■ **Work instruction**:
Find the line that contains "Chưa chính thức", then repeat it and each line after it to the end of the records, exactly.

■ **Entries shown**:
----------

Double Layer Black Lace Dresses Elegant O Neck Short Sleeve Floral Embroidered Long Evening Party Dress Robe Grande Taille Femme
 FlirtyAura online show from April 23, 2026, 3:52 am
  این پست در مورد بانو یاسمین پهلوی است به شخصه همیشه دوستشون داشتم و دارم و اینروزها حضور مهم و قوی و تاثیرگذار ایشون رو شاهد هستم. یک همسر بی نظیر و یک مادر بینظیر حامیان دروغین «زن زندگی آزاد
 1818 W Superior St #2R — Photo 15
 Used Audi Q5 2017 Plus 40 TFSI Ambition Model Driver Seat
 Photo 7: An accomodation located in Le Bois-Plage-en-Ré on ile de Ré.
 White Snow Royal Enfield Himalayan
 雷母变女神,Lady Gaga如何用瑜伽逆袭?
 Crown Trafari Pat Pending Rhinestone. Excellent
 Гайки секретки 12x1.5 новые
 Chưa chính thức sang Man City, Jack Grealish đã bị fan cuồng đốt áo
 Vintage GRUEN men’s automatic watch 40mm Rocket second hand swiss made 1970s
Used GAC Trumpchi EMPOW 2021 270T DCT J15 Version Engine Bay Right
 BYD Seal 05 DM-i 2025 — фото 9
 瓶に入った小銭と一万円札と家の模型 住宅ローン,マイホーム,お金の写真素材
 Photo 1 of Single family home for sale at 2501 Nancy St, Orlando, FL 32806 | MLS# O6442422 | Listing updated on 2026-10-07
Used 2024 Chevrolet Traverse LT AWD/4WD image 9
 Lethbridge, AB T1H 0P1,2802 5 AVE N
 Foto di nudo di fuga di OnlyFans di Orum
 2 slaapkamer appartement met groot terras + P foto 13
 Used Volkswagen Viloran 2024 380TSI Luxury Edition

----------

■ **Task output**:
 Chưa chính thức sang Man City, Jack Grealish đã bị fan cuồng đốt áo
 Vintage GRUEN men’s automatic watch 40mm Rocket second hand swiss made 1970s
Used GAC Trumpchi EMPOW 2021 270T DCT J15 Version Engine Bay Right
 BYD Seal 05 DM-i 2025 — фото 9
 瓶に入った小銭と一万円札と家の模型 住宅ローン,マイホーム,お金の写真素材
 Photo 1 of Single family home for sale at 2501 Nancy St, Orlando, FL 32806 | MLS# O6442422 | Listing updated on 2026-10-07
Used 2024 Chevrolet Traverse LT AWD/4WD image 9
 Lethbridge, AB T1H 0P1,2802 5 AVE N
 Foto di nudo di fuga di OnlyFans di Orum
 2 slaapkamer appartement met groot terras + P foto 13
 Used Volkswagen Viloran 2024 380TSI Luxury Edition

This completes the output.